Cambodia is now one step closer to finalising its next productivity strategy, with a study on the first stage of its development published yesterday.
The overarching goal of the national productivity strategy for the years 2020-2030 will be to achieve upper-middle income economic status by the year 2030.
To develop the policy, the government is receiving assistance from the Asian Productivity Organisation (APO), who yesterday presented to government officials in Phnom Penh the results of the first stage of the strategy’s development.
APO expert Dr Woon Kin Chung said the goal of the strategy is to achieve 5.2 percent average annual productivity growth, which would be needed to support the current yearly rate of economic expansion, seven percent, assuming the labour force grows at about 1.9 percent.
APO’s study, which was presented to officials of the Ministry of Industry and Handicrafts, proposed 12 strategic “thrusts” that the government should be focusing on to raise productivity.
They include supporting small and medium-sized enterprises (SMEs), building a core group of “large and productive” local enterprises, institutionalising the need for productivity in the agricultural, industrial and service sectors, diversifying the economy, moving up the value chain and modernising modes of operation.
“The goal is to develop value and increase productivity in agriculture as well as the industrial and service sector,” Mr Chung said. “We also aim to channel and re-allocate capital and labour resources accordingly to aid the transition into an upper-middle income economic structure, and to develop a highly skilled and productive workforce.”
To achieve these goals is necessary to increase training in technology-based skills, nurture a pro-business environment, and improve collaboration with relevant institutions, he added.
Santhi Kanoktanaporn, APO secretary-general, said the study lays down the foundation for a framework that the country can follow to boost productivity.
“The most important thing is that Cambodia needs to strengthen the National Productivity Centre.

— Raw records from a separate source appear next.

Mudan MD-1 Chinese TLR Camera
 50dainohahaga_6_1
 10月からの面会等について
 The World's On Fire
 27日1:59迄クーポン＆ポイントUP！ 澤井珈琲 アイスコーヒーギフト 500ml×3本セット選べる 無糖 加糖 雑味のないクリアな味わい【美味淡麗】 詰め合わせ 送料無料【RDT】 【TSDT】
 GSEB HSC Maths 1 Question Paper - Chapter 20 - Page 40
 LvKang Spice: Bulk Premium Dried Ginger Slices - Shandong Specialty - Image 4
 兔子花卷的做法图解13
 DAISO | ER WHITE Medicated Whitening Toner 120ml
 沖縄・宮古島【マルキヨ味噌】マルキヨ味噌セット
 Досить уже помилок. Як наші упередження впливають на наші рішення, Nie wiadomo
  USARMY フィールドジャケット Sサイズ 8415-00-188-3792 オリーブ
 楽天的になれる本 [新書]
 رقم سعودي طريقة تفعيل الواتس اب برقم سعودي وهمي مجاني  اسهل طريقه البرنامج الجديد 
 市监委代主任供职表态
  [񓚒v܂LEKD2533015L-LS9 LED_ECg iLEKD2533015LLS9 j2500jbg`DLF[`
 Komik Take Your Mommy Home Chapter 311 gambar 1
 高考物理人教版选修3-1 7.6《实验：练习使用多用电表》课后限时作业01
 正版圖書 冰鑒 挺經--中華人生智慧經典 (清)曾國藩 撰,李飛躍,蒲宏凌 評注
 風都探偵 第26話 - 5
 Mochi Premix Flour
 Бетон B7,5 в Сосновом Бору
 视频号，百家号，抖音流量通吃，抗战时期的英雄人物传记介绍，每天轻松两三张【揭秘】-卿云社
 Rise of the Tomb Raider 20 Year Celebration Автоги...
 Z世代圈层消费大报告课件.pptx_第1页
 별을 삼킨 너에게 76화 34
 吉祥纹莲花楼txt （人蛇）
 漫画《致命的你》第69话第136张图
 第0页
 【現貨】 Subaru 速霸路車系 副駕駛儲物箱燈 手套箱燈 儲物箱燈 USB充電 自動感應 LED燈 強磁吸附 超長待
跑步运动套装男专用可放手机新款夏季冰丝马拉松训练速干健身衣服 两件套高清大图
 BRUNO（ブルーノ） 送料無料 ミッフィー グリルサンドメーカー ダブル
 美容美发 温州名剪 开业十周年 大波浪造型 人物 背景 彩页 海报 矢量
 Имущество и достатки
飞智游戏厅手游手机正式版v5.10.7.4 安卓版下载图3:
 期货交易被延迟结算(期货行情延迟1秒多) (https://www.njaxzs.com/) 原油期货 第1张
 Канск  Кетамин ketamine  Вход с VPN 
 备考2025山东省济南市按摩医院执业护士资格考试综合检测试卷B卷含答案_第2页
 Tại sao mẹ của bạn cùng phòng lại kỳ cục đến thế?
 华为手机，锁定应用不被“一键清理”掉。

More, better trained staff is needed.”
He said during the second phase of the development of the strategy, APOC will identify the direction in which the country needs to go to ensure higher productivity. “We already have a strategy, but we must now sit with all relevant agencies to identify sectors and areas that must be targeted,” he said.
“Once we are in the implementation stage, we will be really happy to provide all the assistance the government needs,” Mr Kanoktanaporn added.
Minister of Industry Cham Prasidh said the final draft of the master plan for national productivity will be submitted to the Council of Ministers for approval in mid-2019, after having previously been approved by the National Productivity Committee.
“With all government agencies focusing on productivity, I believe we can reach our goal of becoming an upper-middle income economy by 2030,” he said.